Conor McGregor: Smart business or reheated patriotism?

It is to state the obvious that he – and his management – understand the business of modern sport and what is required to succeed.
Even those who find the sport distasteful (or struggle to understand it) cannot deny McGregor’s hard work, his exceptional fitness, and his genius for marketing.
If he isn’t there already, he is on the cusp of becoming one of the few people for whom it can be said that they are bigger than the sport in which they compete.
At the heart of this is McGregor’s ability to sell a fight. In the modern world, this means being able to attract subscribers on pay-per-view TV, where the big money is to be made.
But if the medium being used is a truly modern one, the techniques are well-rehearsed. Much has been made of the intensity and charisma McGregor brings to his press conferences.

But he also relies heavily on that tried and trusted method of wrapping oneself tightly in the flag.
This has an obvious appeal in Ireland – but it is also a valuable tool in courting support among Irish-Americans. And it is in America that the real money is to be made.
Fighting in Boston in 2013, McGregor said: ‘Boston is a fantastic city. The people are phenomenal out there. It’s a true Irish town. It was crazy going out there the first time, it really was a crazy experience for me because you always hear about the Irish Americans, even when I’m in America it’s like everyone is Irish.’ Every fight has become an opportunity to make an expression of ‘Irishness’.
‘I will raise the tri-colour high every single time!!!’, said McGregor in January 2015 when he fought Dennis Siver.
When he entered the ring to fight Chad Mendes in July 2015, Sinéad O’Connor – surrounded by smoke and lights – sang the old Republican ballad ‘The Foggy Dew’ as the huge travelling Irish support roared their support and waved tricolours.

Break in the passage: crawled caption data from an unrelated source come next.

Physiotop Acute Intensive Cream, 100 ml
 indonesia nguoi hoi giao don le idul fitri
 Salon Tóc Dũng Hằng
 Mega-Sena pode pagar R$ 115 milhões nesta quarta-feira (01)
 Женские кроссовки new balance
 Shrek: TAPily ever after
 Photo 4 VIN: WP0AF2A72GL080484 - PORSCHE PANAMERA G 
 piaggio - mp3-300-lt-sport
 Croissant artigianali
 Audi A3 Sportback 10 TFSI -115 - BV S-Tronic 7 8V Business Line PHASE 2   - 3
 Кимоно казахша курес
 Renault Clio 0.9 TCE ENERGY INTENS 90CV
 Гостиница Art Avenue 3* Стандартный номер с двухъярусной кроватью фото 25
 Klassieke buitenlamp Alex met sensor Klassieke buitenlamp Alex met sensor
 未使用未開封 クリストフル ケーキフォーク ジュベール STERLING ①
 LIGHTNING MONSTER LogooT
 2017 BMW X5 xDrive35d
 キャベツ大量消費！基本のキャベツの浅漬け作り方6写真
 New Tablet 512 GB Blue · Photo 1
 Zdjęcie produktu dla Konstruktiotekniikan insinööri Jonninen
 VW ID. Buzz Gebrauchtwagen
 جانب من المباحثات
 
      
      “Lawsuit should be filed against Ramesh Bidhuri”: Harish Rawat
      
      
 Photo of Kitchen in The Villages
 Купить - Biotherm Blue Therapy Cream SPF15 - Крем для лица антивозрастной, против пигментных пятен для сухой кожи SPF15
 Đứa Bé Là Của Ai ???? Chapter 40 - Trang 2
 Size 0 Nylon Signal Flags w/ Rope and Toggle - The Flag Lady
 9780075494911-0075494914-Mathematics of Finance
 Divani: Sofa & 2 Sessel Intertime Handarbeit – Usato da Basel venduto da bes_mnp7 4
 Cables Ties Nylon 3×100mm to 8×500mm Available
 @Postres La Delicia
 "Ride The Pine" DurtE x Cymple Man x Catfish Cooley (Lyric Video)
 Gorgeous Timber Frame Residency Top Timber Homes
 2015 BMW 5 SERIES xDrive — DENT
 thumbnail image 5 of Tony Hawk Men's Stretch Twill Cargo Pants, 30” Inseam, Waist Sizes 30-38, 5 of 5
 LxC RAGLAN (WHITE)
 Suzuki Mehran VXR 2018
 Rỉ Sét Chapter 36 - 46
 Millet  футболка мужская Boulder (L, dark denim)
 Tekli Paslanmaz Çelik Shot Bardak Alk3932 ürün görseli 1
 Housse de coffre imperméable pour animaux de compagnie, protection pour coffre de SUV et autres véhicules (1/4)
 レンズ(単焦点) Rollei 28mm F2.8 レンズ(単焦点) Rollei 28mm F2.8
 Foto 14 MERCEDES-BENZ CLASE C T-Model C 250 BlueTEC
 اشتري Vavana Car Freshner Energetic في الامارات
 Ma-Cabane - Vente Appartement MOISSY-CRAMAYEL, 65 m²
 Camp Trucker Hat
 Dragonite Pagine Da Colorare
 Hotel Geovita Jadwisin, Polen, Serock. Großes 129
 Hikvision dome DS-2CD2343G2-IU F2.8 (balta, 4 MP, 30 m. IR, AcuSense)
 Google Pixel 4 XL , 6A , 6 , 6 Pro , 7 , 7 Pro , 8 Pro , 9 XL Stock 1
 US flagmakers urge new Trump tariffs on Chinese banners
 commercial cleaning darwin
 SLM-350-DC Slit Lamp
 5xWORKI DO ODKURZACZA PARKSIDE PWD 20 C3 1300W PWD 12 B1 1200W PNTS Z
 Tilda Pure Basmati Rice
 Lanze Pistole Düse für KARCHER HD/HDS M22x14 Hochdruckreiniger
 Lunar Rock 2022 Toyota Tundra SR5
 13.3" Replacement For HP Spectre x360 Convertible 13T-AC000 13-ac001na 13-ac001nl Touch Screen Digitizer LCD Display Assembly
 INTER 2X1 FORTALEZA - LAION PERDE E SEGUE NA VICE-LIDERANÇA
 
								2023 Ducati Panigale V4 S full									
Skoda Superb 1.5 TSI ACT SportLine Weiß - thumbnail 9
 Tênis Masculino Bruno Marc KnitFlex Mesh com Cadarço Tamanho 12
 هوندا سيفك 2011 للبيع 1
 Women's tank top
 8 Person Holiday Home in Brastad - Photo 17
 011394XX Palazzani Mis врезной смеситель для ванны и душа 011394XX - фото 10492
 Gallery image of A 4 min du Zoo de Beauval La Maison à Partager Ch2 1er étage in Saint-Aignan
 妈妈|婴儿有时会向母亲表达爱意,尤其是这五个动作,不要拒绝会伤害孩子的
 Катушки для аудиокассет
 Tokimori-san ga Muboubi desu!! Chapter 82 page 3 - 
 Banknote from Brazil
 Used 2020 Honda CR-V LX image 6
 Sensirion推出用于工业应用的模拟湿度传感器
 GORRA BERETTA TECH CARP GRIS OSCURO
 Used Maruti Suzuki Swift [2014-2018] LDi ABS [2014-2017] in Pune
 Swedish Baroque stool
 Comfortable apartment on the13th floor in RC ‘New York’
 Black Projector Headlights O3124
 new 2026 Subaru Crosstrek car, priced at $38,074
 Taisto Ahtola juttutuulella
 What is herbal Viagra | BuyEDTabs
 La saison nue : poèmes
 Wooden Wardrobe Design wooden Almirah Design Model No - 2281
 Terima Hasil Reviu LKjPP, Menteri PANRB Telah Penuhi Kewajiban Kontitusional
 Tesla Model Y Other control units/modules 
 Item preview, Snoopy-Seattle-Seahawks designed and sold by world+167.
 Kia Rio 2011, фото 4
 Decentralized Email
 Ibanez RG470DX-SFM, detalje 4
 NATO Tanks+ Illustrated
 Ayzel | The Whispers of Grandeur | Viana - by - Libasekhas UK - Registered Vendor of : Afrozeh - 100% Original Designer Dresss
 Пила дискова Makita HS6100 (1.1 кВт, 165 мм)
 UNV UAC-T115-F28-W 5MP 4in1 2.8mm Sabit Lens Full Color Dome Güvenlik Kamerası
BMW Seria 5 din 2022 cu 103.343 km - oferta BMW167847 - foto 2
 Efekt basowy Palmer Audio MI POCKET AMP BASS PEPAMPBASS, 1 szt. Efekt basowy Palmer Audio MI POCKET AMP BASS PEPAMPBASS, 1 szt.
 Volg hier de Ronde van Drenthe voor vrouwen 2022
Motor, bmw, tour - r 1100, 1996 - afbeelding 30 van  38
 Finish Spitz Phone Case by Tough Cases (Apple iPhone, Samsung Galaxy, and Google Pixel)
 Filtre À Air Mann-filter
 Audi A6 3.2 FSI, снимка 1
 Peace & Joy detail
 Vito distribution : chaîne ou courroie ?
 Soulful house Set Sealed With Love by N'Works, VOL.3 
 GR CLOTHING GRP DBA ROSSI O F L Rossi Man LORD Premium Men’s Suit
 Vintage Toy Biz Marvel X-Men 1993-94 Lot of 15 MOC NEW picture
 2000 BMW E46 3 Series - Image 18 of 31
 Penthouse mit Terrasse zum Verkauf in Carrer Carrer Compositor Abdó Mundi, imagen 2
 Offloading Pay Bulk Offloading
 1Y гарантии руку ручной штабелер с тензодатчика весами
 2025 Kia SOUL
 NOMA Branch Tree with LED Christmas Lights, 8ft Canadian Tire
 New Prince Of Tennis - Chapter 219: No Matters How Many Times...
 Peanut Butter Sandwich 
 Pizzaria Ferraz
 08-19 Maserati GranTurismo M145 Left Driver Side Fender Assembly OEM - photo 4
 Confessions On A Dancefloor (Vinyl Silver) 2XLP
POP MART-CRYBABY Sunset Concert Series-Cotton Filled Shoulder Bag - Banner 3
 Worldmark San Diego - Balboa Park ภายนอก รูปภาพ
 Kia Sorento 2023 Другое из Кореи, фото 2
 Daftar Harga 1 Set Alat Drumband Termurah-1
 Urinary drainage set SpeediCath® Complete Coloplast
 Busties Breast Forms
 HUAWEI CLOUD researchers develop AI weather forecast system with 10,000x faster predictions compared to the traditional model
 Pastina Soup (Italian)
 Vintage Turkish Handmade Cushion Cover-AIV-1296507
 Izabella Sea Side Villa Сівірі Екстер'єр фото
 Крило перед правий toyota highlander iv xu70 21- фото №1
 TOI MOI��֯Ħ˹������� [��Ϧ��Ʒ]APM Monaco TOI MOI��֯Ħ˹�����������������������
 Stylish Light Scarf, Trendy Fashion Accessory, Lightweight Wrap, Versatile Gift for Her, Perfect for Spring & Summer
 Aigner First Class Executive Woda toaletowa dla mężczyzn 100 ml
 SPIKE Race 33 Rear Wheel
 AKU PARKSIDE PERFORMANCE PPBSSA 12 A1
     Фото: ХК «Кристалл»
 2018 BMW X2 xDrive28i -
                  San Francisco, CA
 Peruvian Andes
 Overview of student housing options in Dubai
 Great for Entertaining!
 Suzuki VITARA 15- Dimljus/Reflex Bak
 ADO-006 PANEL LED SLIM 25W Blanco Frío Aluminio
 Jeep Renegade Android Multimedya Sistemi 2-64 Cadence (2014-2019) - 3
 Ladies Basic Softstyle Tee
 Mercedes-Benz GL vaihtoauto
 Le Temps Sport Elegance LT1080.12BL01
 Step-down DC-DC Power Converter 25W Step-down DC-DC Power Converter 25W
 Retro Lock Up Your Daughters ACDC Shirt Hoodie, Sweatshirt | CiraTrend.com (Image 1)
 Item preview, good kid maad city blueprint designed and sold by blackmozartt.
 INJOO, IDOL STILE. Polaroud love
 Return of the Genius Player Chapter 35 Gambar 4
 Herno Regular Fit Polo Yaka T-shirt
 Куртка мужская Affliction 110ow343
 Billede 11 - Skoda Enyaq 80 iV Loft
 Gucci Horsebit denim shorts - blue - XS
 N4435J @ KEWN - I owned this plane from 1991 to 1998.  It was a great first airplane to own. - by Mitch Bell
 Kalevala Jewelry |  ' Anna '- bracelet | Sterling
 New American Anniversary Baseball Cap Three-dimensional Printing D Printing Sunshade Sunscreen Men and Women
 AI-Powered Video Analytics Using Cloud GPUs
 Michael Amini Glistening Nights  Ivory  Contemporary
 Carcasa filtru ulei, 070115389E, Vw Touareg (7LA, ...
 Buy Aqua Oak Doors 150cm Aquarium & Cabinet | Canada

By December McGregor was talking about how he would ‘unify my belt for Ireland.’ Fighting ‘for Ireland’ is a tradition as old as professional fighting, itself. Two hundred years ago Dan Donnelly was positioned as the ‘Champion of Ireland’ and a series of fights with English boxers drew tens of thousands of supporters.
In December 1815, for example, Donnelly fought the English boxer George Cooper in a part of the Curragh in Kildare which is now known as Donnelly’s Hollow.
Donnelly overwhelmed Cooper and claimed the purse of £60. After the fight, he made his way back towards Dublin in a carriage pulled by his admirers.
By then, Donnelly’s status as a national hero had already been achieved. Legend holds that the doctor who attended his birth had predicted he would ‘perform great deeds for Ireland.’
Typical of boxing, of course, his life is one in which reality and mythology are not easily separated.
For example, it is also claimed that when he heroically saved a woman from being deliberately drowned in the Liffey by two sailors, they beat him close to death.
He recovered in time to defeat another English boxer Tom Hall.
It was claimed that Donnelly was actually a peace-loving man who only agreed to fight Hall at the insistence of fellow Dubliners who called on him to ‘defend the honour of Ireland.’
That boxing promoters played on the fractious relationship between Britain and Ireland was typical of the period in which similar rivalries were wrapped around Romany, Jewish and black fighters.
It’s a method of marketing which has been repeated time and again. For example, in the 1930s, the Cobh boxer Jack Doyle – known as ‘The Gorgeous Gael’, ‘The Body Beautiful’ and ‘The King of Clout’ – began a professional boxing career with ten straight knockouts (courtesy of a powerful right hand).
This brought him massive publicity and his successes, backed by his looks and a whirl of hype, allowed him to embark on a lifestyle that neutered his talent even as it developed.
In July 1933 he fought the Englishman Jack Petersen for the British heavyweight championship in front of a 70,000 crowd in White City, London, but was disqualified for a series of low blows in the second round.
This induced a mini-riot as his supporters stormed the ring, throwing chairs, before carrying him shoulder-high to Marble Arch. Returning to an adoring Irish public who viewed his disqualification as part of a British conspiracy, he packed out the 3,500-seater Theatre Royal in Dublin and the Opera House in Cork, where he demonstrated his fine tenor voice in concerts.

Doyle went on to star in Hollywood movies, and formed a carousing friendship with Errol Flynn and Clark Gable, before his career dwindled and died.
For Doyle – and for Donnelly before him – their ‘Irishness’ was not enough to protect them when the money stopped rolling in and their bodies began to betray them.
The fighting world is full of men like them who destroyed what they had earned and ended up in penury and ill-health. If McGregor is as clever as he would appear to be, he will milk the sport for everything he can get from it and then get out.
But will he be able to resist the lure of being the centre of attention? Will he be able to cope without the extraordinary rush of adrenaline which must come from doing what he does in the way that he does it?
Basically, will he know when to walk away and not come back?
History suggests that he won’t – and that element of the McGregor story might also prove to be something old served up anew.